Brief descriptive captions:
********

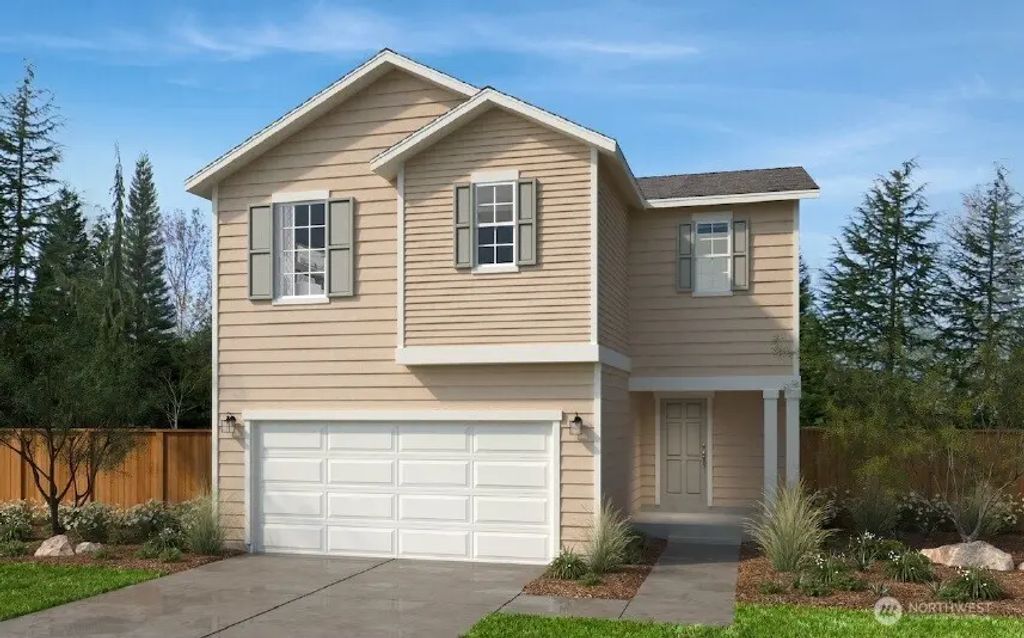 10404 6th Place Se Sw 21, Lake Stevens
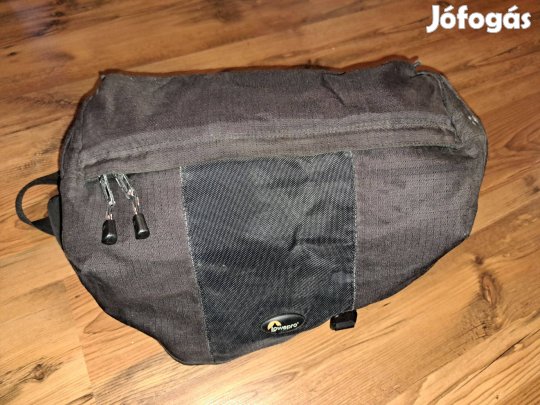 Lowepro Stealth Reporter 500AW fotóstáska fotós oldaltáska táska eladó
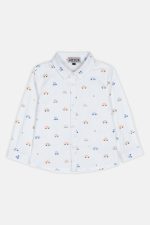 Βρεφικό σετ παντελόνι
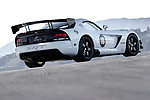 2010道奇 dodge viper srt10 acr x 世界名车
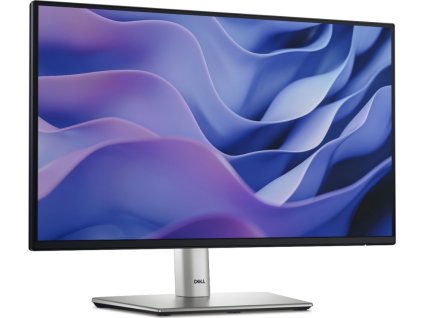 DELL P2225H Professional/ 22" LED/ 16:9/ 1920x1080/ 1500:1/ 8ms/ Full HD/ IPS/ 3x USB/ VGA/ DP/ HDMI/ USB-C/ 3Y bas
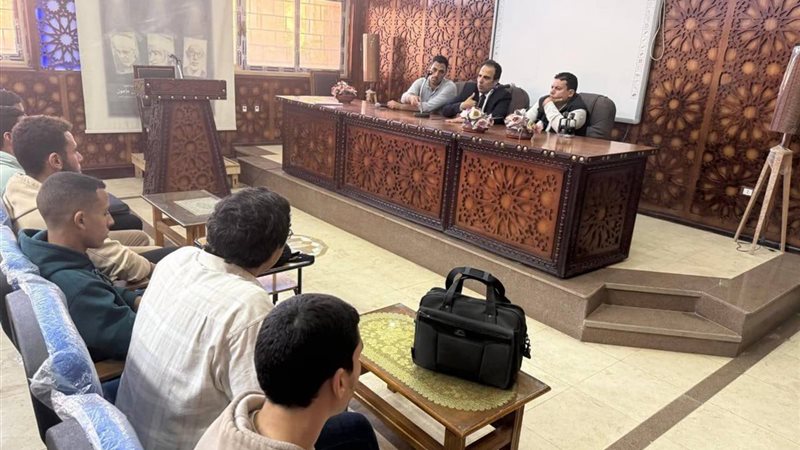 كلية أصول الدين والدعوة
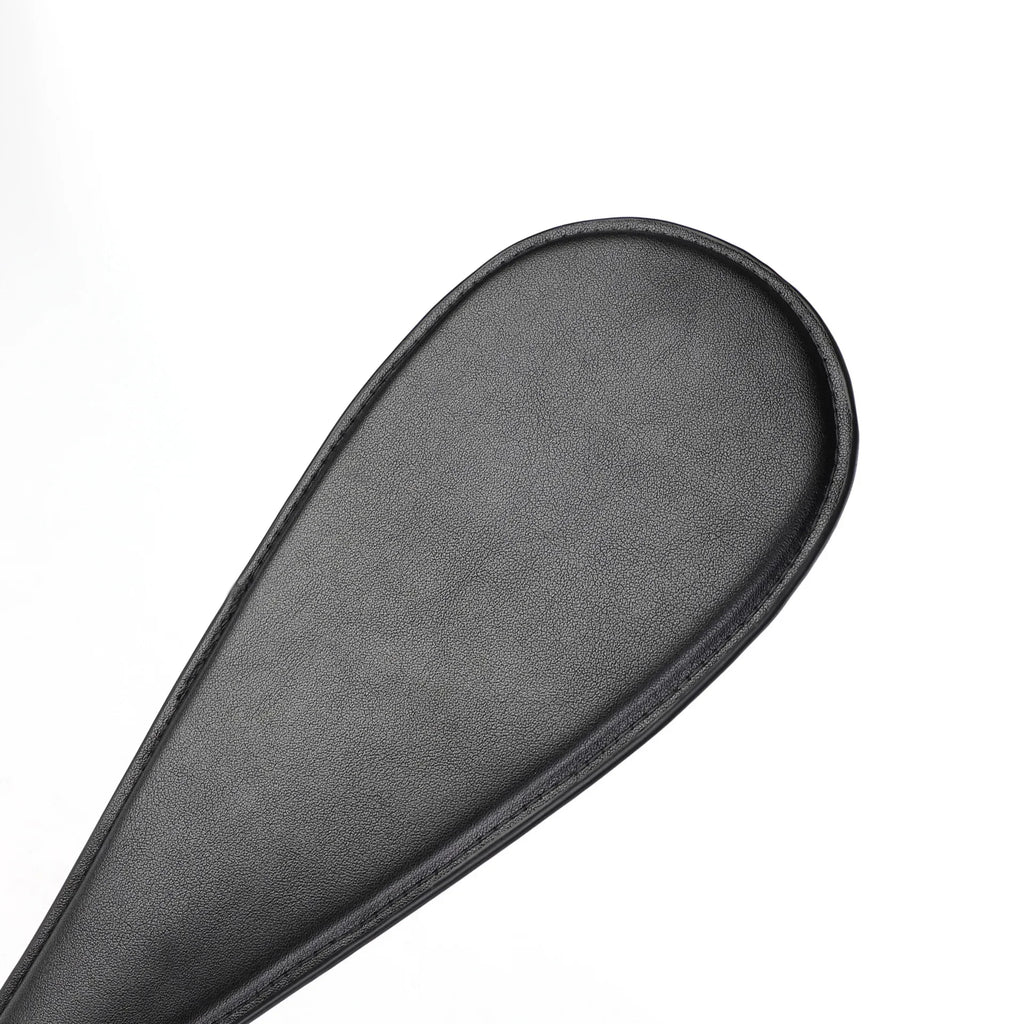 BDSM Spanking Paddle Beat Pu Soft Sex Beat Spank Slave Kinky SM Products Bondage Whip Sex Toys for Couples Games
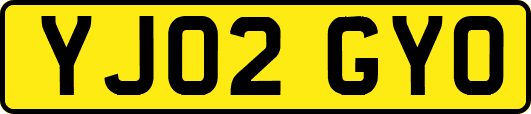YJ02GYO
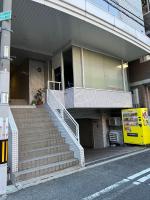 大阪旅・四葉 - B&B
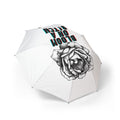 Semi-Automatic Foldable Umbrella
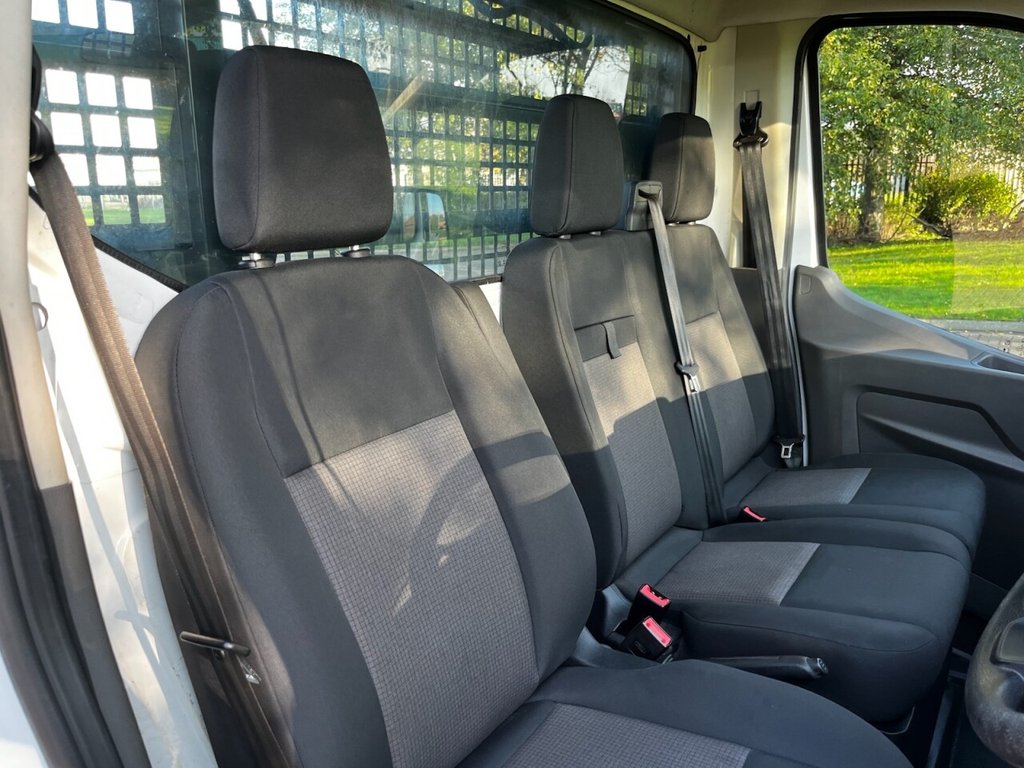 Used Ford Transit 2021 for sale - 76417644: Photo 40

********

Exercise prompt: The answer is the run of lines from the one with "Lowepro Stealth Reporter" through the final line of the data, copied exactly, and nothing else; no pictures.

The answer:
 Lowepro Stealth Reporter 500AW fotóstáska fotós oldaltáska táska eladó
 Βρεφικό σετ παντελόνι
 2010道奇 dodge viper srt10 acr x 世界名车
 DELL P2225H Professional/ 22" LED/ 16:9/ 1920x1080/ 1500:1/ 8ms/ Full HD/ IPS/ 3x USB/ VGA/ DP/ HDMI/ USB-C/ 3Y bas
 كلية أصول الدين والدعوة
 BDSM Spanking Paddle Beat Pu Soft Sex Beat Spank Slave Kinky SM Products Bondage Whip Sex Toys for Couples Games
YJ02GYO
 大阪旅・四葉 - B&B
 Semi-Automatic Foldable Umbrella
 Used Ford Transit 2021 for sale - 76417644: Photo 40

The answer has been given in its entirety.